Integrated resource planning for electric utilities forecasts 20 years of load, generation, and rates. See the framework and where software fits.
Written by
Neal Gudhe
Published on
April 26, 2026
Updated on
July 5, 2026

Integrated resource planning (IRP) for electric utilities is a long-range planning document, typically 15 to 30 years forward, that combines load forecast, generation supply, demand-side resources, transmission, and rate impact into a single least-cost portfolio submitted to the state public utility commission. Most investor-owned electric utilities file an IRP every two to five years; electric cooperatives, municipal utilities, and federal power marketers file voluntarily or under wholesale supplier requirements. A modern IRP integrates AMI hourly load data, demand response, distributed energy resources, and clean-energy mandates into the same model the utility uses to decide which generating units to build, retire, or contract for.

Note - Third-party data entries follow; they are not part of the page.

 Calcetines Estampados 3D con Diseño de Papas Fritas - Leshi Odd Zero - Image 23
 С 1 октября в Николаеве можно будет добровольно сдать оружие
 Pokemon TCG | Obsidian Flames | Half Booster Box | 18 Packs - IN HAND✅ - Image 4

The IRP filed this year shapes capital allocation for the next two decades. Getting it wrong is expensive both ways: overbuild and ratepayers overpay; underbuild and the utility imports power at spot prices or sheds load.

This guide explains what an IRP is, who has to file one, the six components, the steps to build one, the supporting software, and how CIS and billing data feed the load forecast. Electric utilities running CIS, billing, and AMI on a modern cloud platform should look at SMART360 for electric utility management, which produces hourly load shapes by customer class that any credible IRP forecast depends on.

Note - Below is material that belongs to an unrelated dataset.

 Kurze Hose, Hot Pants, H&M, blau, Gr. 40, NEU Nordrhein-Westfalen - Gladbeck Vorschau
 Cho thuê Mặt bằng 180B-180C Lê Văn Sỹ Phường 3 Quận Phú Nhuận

Who has to file an integrated resource plan

IRP filing requirements vary by utility type, state, and wholesale relationship. The pattern across the United States:

  • Investor-owned electric utilities (IOUs) are required by state law in most states to file every two to five years. The IRP is reviewed in a contested proceeding with intervenors and is binding on major capital decisions.
  • Electric cooperatives that take wholesale power from a G&T cooperative often have their IRP obligations met at the G&T level. Distribution co-ops that self-supply file their own.
  • Municipal electric utilities generally are not required by state PUCs but often file voluntarily or under federal supplier requirements. Public power agencies in California, Washington, and Oregon file under state mandate.
  • Federal power marketers (BPA, WAPA, TVA) follow federal planning requirements that parallel IRP but are not state-PUC processes.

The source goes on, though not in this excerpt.